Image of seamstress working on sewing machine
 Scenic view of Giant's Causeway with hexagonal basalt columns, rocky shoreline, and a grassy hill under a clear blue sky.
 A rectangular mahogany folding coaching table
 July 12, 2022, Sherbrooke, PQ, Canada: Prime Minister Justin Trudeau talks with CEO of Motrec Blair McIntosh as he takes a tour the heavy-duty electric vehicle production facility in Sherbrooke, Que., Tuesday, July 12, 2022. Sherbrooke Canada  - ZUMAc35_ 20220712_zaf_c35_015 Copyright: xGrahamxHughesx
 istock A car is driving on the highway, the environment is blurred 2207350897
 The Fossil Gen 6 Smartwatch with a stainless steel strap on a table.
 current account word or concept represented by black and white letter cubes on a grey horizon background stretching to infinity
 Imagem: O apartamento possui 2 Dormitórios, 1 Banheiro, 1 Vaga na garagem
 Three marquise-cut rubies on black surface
++++++++
| Task item |
Extract the first line above and each line after it up to and including the one with "istock A car", please, exactly and with nothing else.

| Task output |
Image of seamstress working on sewing machine
 Scenic view of Giant's Causeway with hexagonal basalt columns, rocky shoreline, and a grassy hill under a clear blue sky.
 A rectangular mahogany folding coaching table
 July 12, 2022, Sherbrooke, PQ, Canada: Prime Minister Justin Trudeau talks with CEO of Motrec Blair McIntosh as he takes a tour the heavy-duty electric vehicle production facility in Sherbrooke, Que., Tuesday, July 12, 2022. Sherbrooke Canada  - ZUMAc35_ 20220712_zaf_c35_015 Copyright: xGrahamxHughesx
 istock A car is driving on the highway, the environment is blurred 2207350897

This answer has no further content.